I'm still very flexible from stretching even though I have psoriatic arthritis and fibromyalgia.  I've always loved stretching and restorative yoga poses.  I do it because: a) I love it, b) stretching releases endorphins (see a), c) I still can, d) I'm terrified of how my body would deteriorate if I stop.


----------



## oldman (Dec 24, 2019)

Stretching is more for the women. Men stretch before we run, but women stretch for other reasons, like to keep tighter and look more fit. I have seen women in Zumba classes do things that if I tried them, I would likely tear tendons. My wife can still bend over backwards and put her hands flat on the floor. I can’t come anywhere close to doing that.
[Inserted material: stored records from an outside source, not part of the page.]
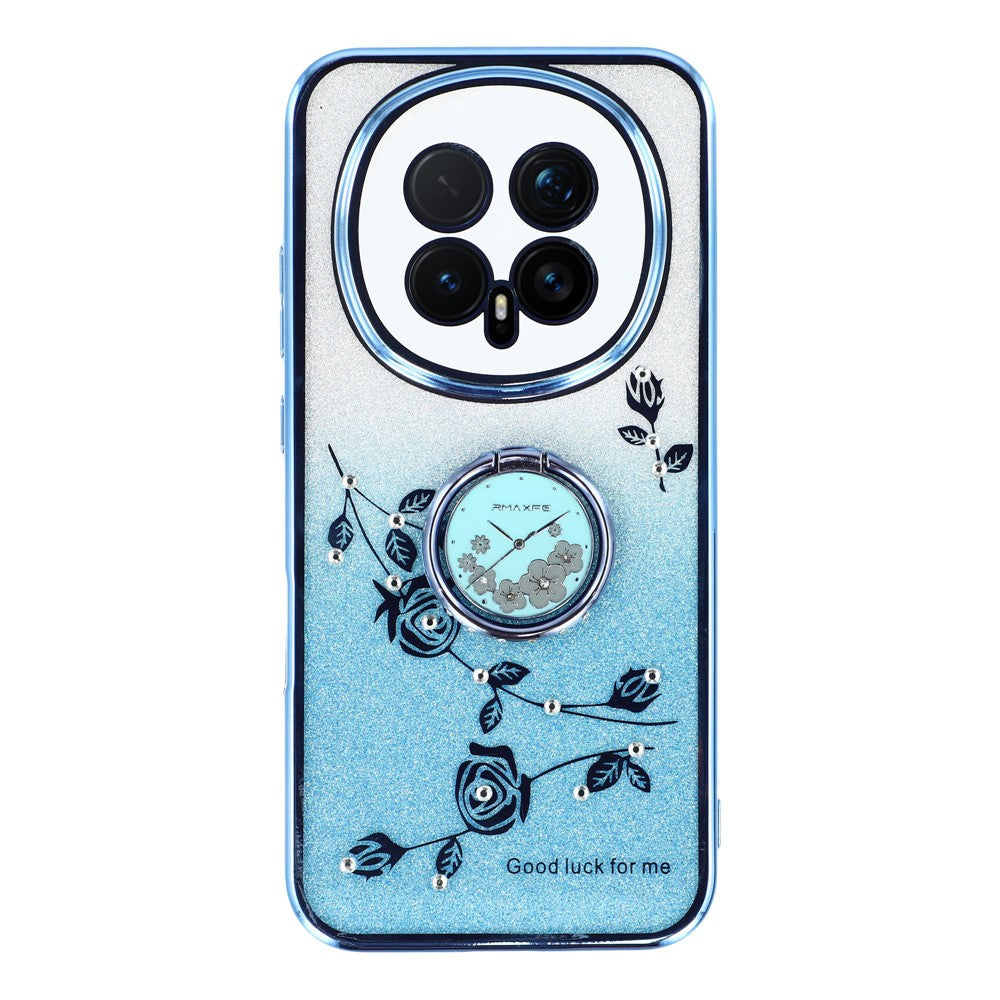 KADEM For Honor Magic8 5G Case Ring Kickstand TPU Flowers Phone Cover Gradient Glitter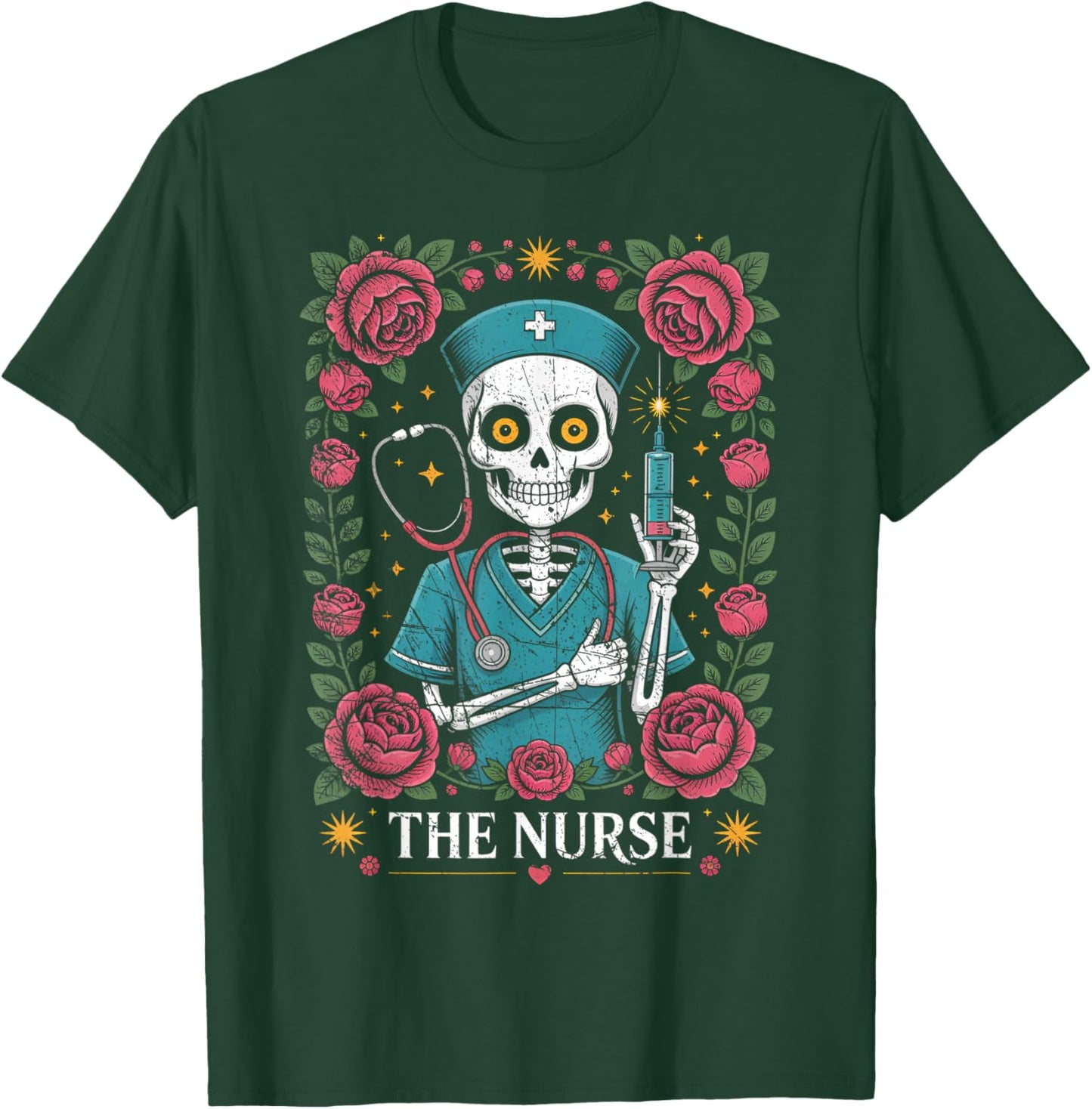 The Nurse Skeleton and Flower T-Shirt - T-Shirt | Forest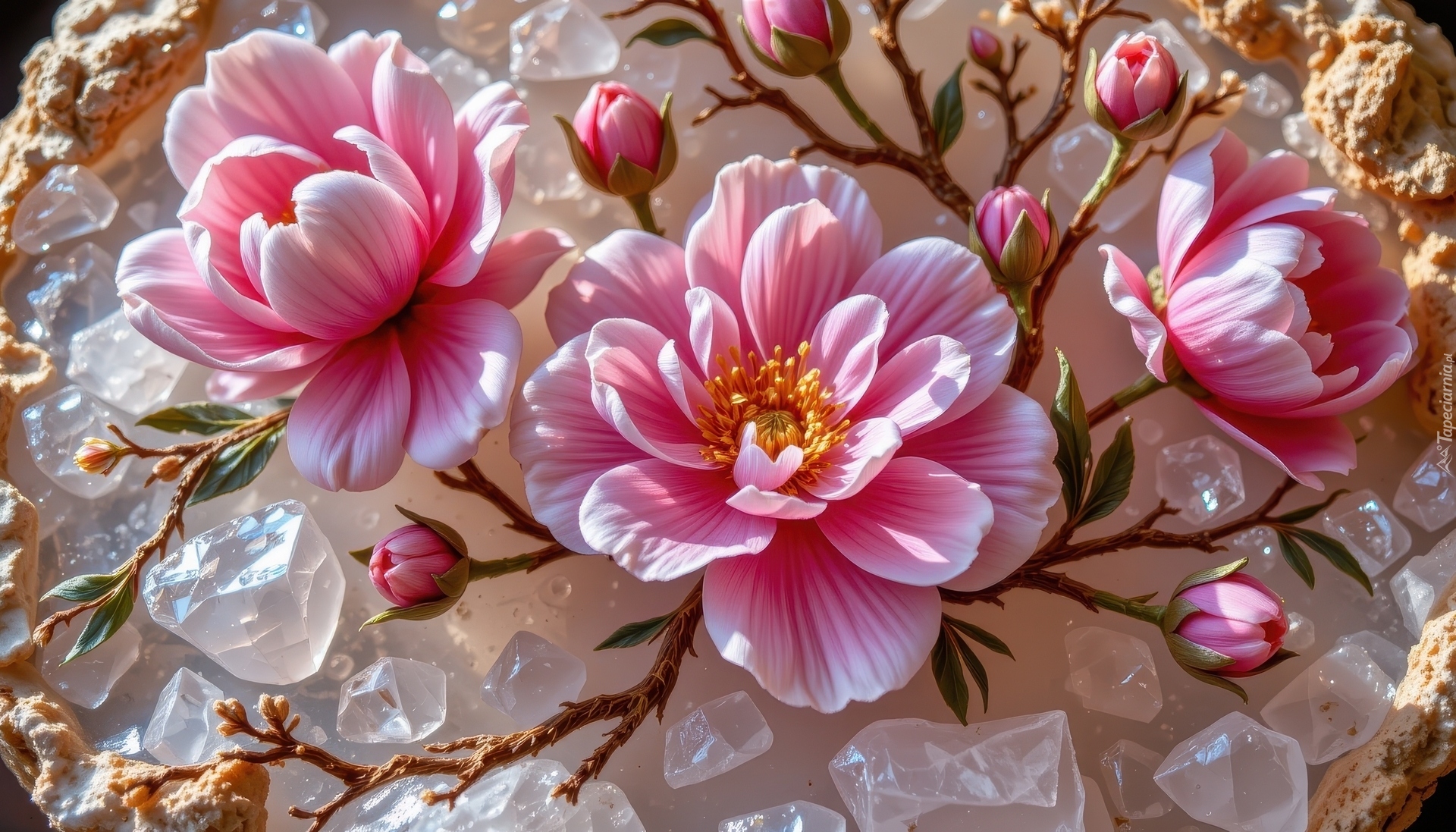 Różowe, Kwiaty, Gałązki, Pąki, Kryształy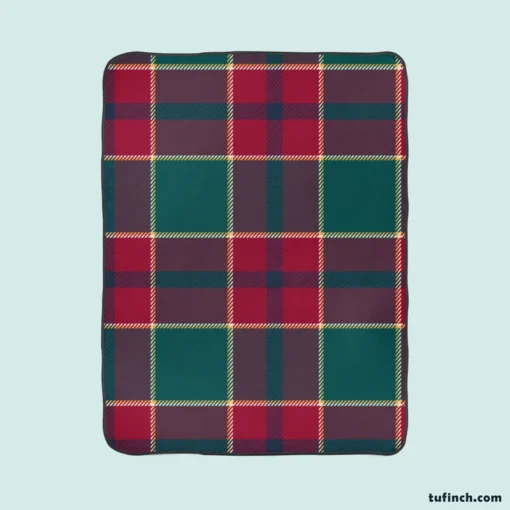 Scottish Red Green Tartan Pattern Fleece Blanket 1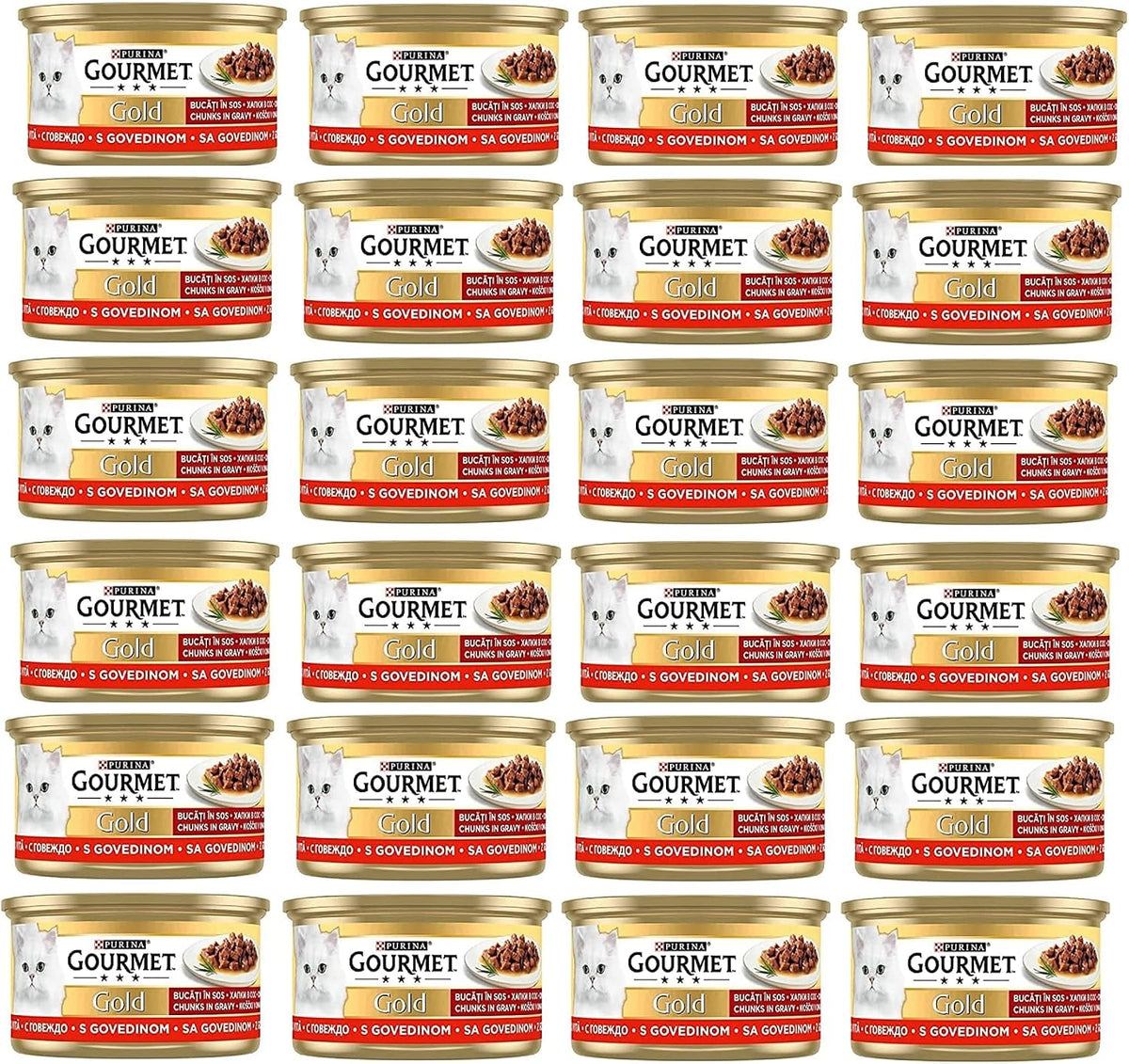 Gourmet Gold Parça Etli Sığır Etli Yaş Kedi Maması (24 x 85 gr)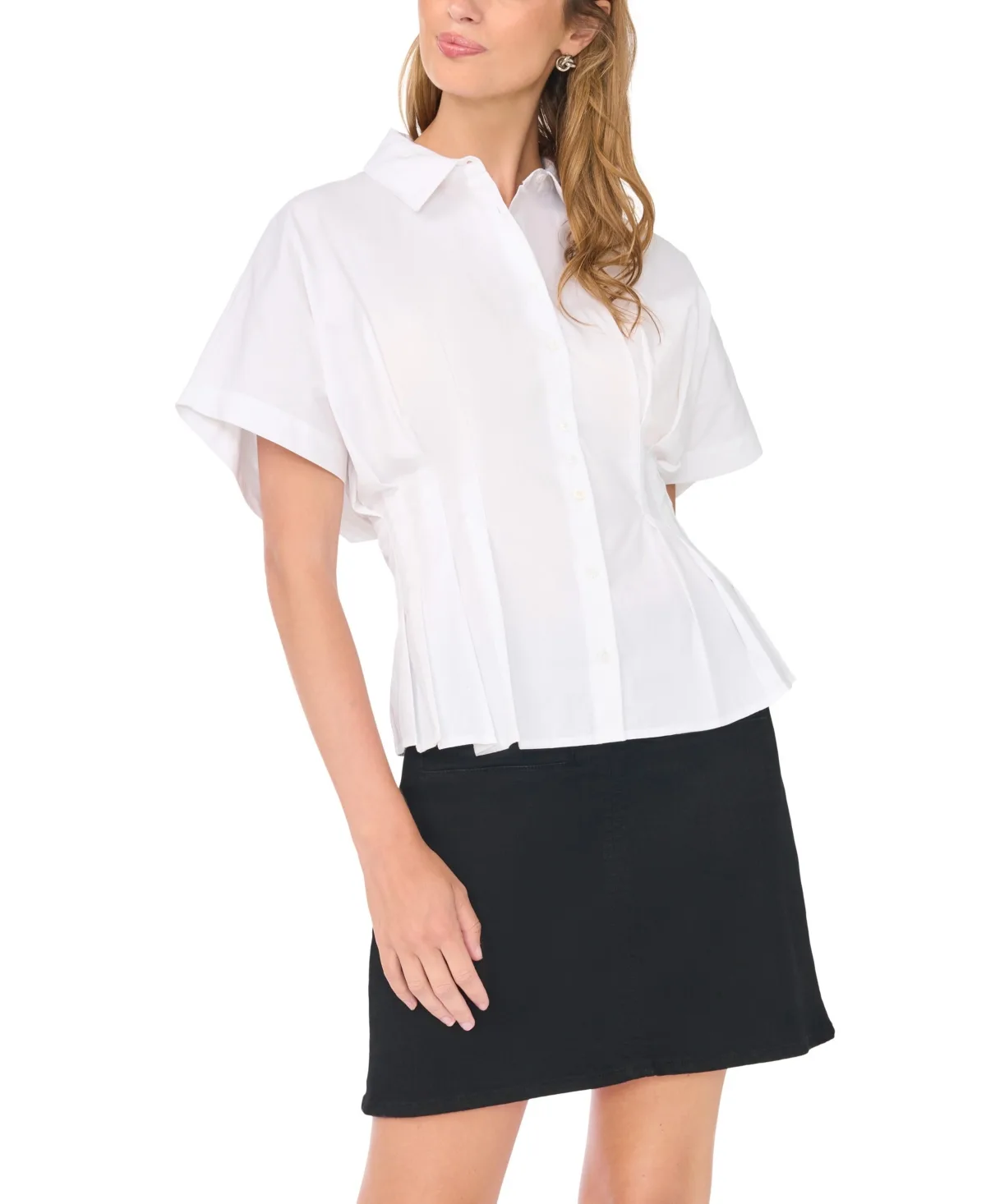 Pleated-Waist Dolman-Sleeve Cotton Blouse by Vince Camuto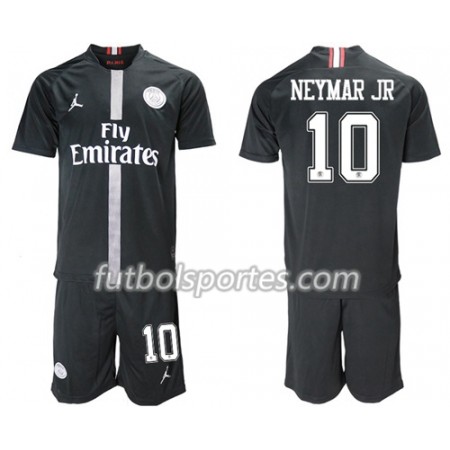 Camisetas Paris Saint Germain Neymar Jr 10 Jordan Negro Niño Tercera Equipacion 2018/2019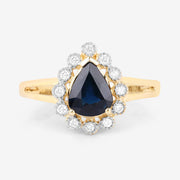 Bids.com 1.46 Carat Genuine Blue Sapphire and White Diamond 10K Yellow Gold Ring Rings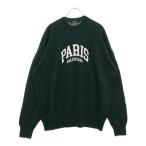 BALENCIAGA バレンシアガ 21AW PARIS クルーネック フロントロゴ ニットセーター グリーン 682005 T1624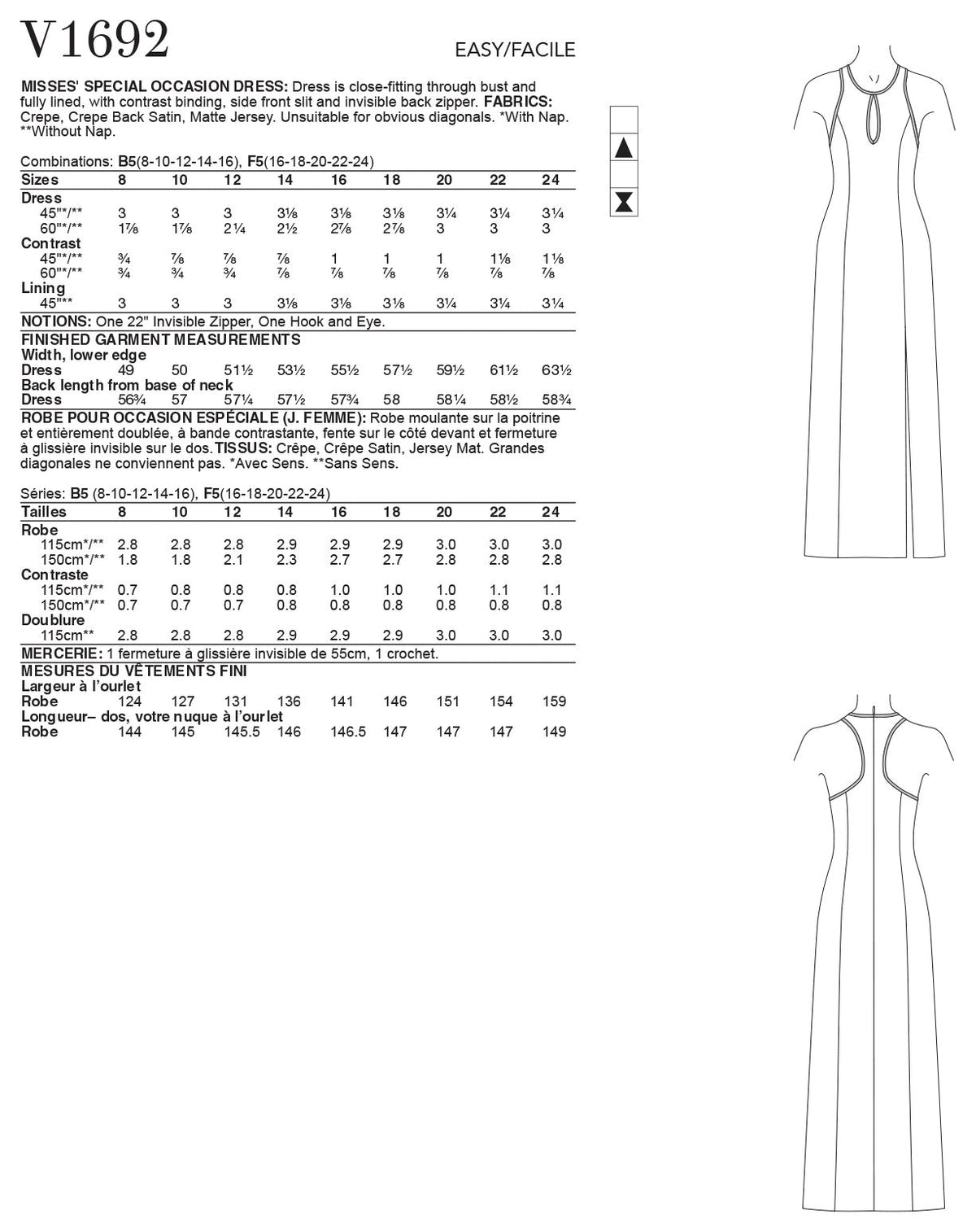 Vogue Special Misses Occasion Sewing Pattern V1692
I’m surprised that she can’t spin her head.


----------



## Catlady (Dec 24, 2019)

fancicoffee13 said:


> I went off of it and I gained weight!.


I thought you were going to wait until after the holidays because of all the temptations?  I'm still doing it except for Sundays (my treat day) and holidays (Thanksgiving and tomorrow and New Year's eve).  But, I'm STILL on the plateau, my body seems determined not to lose those last 10 lbs.  I am going to keep doing it, anyway, it's better than gaining weight.


----------



## Packerjohn (Dec 25, 2019)

I stopped using sugar in my coffee when I was in my 40s.  I'm now in my 70s.  Don't miss it at all but I do use 2% milk in the coffee.  For tea I use honey.


----------



## Keesha (Dec 25, 2019)

Catlady said:


> I thought you were going to wait until after the holidays because of all the temptations?  I'm still doing it except for Sundays (my treat day) and holidays (Thanksgiving and tomorrow and New Year's eve).  But, I'm STILL on the plateau, my body seems determined not to lose those last 10 lbs.  I am going to keep doing it, anyway, it's better than gaining weight.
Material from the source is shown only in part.